## EXERCISE DATA
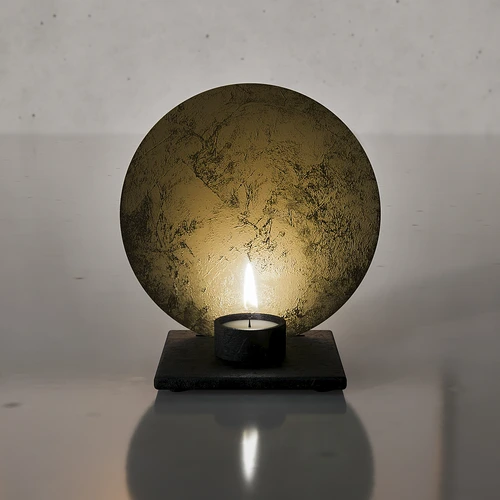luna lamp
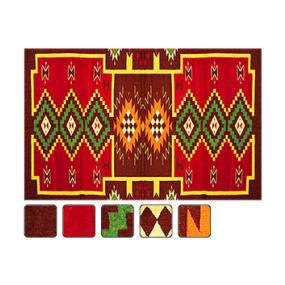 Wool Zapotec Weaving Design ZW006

* * *

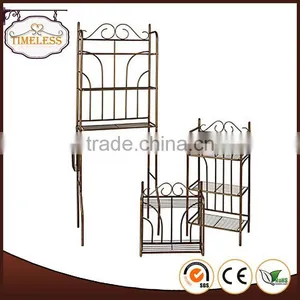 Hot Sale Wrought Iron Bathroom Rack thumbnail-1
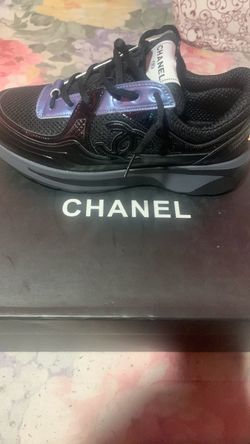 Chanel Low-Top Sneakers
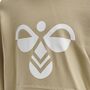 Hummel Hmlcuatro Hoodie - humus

## WHAT TO DO
Beginning at the line above that contains "Chanel Low-Top Sneakers", repeat each line exactly through the one that contains "Hummel Hmlcuatro Hoodie - humus", and leave out the pictures.

## YOUR SOLUTION
 Chanel Low-Top Sneakers
 Hummel Hmlcuatro Hoodie - humus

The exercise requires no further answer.